- Exercise requirements -
Repeat the lines of the data that follow, please, starting at the first and stopping after the one with "La Comunidad de".
[[ Given records, beginning ]]
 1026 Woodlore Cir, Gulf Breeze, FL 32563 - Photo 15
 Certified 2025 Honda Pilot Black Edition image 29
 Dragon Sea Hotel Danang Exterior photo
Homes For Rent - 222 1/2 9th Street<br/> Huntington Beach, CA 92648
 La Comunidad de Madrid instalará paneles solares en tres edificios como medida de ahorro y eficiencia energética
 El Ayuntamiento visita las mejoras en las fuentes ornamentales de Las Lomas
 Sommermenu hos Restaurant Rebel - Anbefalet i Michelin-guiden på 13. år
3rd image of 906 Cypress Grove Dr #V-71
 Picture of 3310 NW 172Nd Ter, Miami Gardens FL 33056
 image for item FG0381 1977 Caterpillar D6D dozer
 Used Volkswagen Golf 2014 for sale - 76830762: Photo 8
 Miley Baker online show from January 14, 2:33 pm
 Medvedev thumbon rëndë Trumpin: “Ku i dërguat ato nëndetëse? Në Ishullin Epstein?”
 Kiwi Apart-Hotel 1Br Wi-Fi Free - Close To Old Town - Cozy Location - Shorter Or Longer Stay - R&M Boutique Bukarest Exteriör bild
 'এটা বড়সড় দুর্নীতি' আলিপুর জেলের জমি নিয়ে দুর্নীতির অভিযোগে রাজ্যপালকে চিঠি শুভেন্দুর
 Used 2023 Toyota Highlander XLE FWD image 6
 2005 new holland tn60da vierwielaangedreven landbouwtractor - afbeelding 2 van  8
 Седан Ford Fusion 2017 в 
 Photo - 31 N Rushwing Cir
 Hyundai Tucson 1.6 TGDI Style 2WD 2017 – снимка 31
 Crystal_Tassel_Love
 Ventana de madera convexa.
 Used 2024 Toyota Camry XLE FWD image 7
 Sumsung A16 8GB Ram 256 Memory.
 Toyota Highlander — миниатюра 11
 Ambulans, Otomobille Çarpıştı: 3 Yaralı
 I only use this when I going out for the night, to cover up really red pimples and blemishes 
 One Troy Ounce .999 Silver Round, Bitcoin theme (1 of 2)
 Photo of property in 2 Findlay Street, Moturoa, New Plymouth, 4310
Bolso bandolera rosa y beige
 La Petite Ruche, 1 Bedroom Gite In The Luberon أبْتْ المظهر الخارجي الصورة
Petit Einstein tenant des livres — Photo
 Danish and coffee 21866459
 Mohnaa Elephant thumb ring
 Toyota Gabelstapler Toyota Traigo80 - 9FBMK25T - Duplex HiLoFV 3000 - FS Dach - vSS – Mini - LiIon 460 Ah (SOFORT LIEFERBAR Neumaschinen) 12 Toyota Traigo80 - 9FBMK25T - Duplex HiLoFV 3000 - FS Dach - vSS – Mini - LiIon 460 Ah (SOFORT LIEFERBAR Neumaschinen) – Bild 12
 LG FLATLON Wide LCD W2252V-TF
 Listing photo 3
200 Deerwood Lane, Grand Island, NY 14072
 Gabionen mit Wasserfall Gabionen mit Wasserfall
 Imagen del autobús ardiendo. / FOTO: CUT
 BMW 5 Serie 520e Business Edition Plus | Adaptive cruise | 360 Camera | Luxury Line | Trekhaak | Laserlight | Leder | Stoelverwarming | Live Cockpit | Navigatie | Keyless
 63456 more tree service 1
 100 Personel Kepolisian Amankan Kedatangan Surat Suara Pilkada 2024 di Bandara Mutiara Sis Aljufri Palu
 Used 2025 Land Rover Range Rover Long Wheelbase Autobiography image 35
[[ Given records, end ]]
- Task result -
 1026 Woodlore Cir, Gulf Breeze, FL 32563 - Photo 15
 Certified 2025 Honda Pilot Black Edition image 29
 Dragon Sea Hotel Danang Exterior photo
Homes For Rent - 222 1/2 9th Street<br/> Huntington Beach, CA 92648
 La Comunidad de Madrid instalará paneles solares en tres edificios como medida de ahorro y eficiencia energética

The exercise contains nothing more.